EXERCISE BRIEF: Apart from the images, repeat the data below exactly as written.

DATA EXCERPT:
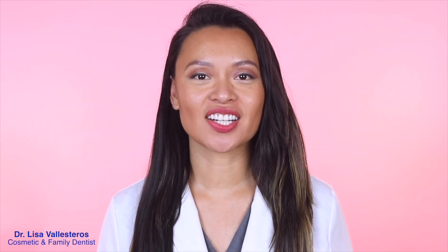Hey TeethDoc fam, it's Dr. Lisa. Which one is more effective, an electric toothbrush or a manual toothbrush? Today I'll be doing a demo so you can visually see and make that decision for yourself.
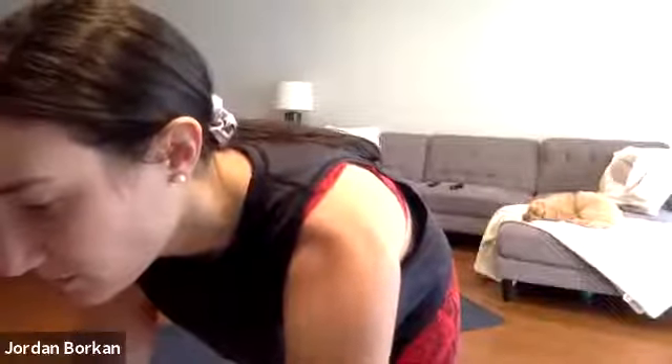Lay your head down. Option to extend your arms long beside you, or place one hand on your heart and one hand on your belly. Close down your eyes or soften your gaze. Settle into this space now, letting your week and your day go, and just be present with the other people on this Zoom yoga. I'm so grateful for all of you for being here. One more person joining us now — Dara, we are getting started on our backs.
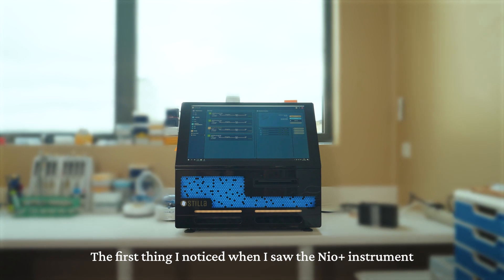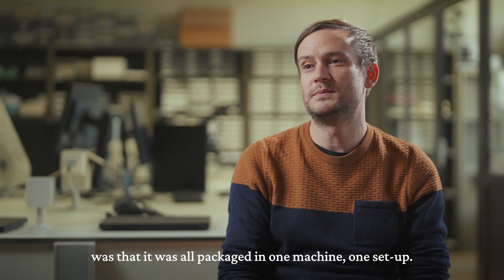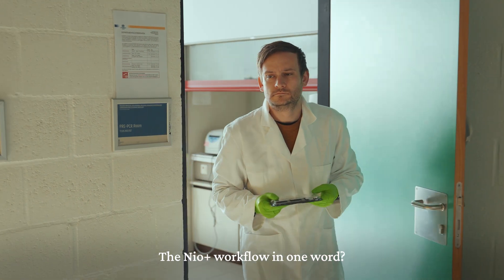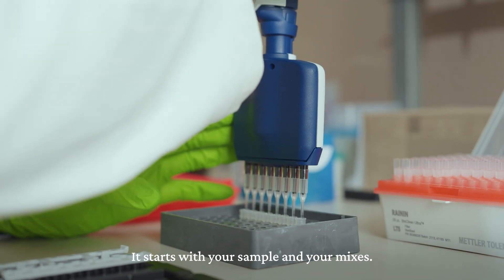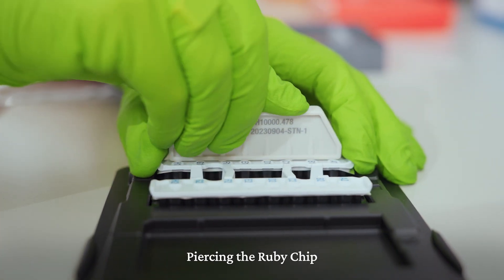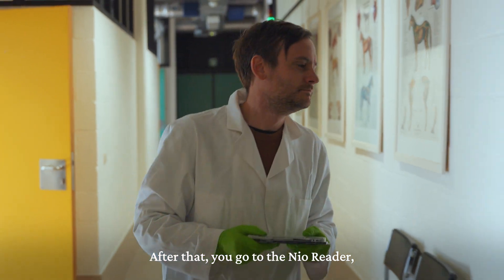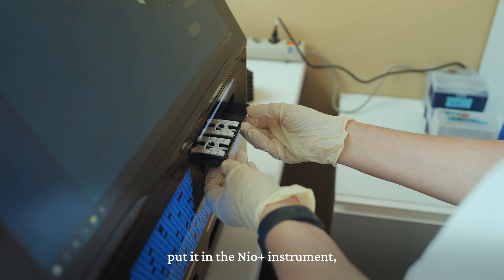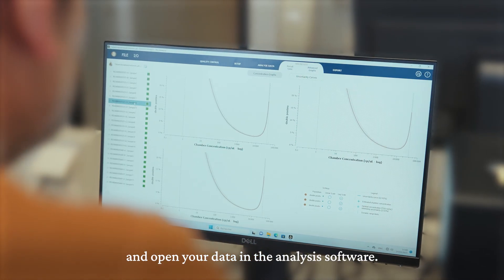The first thing I noticed when I saw the Naio instrument was that it was all packaged in one machine, one setup. The Naio workflow in one word — it's a breeze. It starts with your sample and your mixes, piercing the ruby chip and then just pipetting your sample with your mix together. After that you go to the reader, put it in the Naio instrument, set up your run, wait till the run is finished and open your data in the analysis software.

ANSWER TO THIS TASK:
Hey TeethDoc fam, it's Dr. Lisa. Which one is more effective, an electric toothbrush or a manual toothbrush? Today I'll be doing a demo so you can visually see and make that decision for yourself.
Lay your head down. Option to extend your arms long beside you, or place one hand on your heart and one hand on your belly. Close down your eyes or soften your gaze. Settle into this space now, letting your week and your day go, and just be present with the other people on this Zoom yoga. I'm so grateful for all of you for being here. One more person joining us now — Dara, we are getting started on our backs.
The first thing I noticed when I saw the Naio instrument was that it was all packaged in one machine, one setup. The Naio workflow in one word — it's a breeze. It starts with your sample and your mixes, piercing the ruby chip and then just pipetting your sample with your mix together. After that you go to the reader, put it in the Naio instrument, set up your run, wait till the run is finished and open your data in the analysis software.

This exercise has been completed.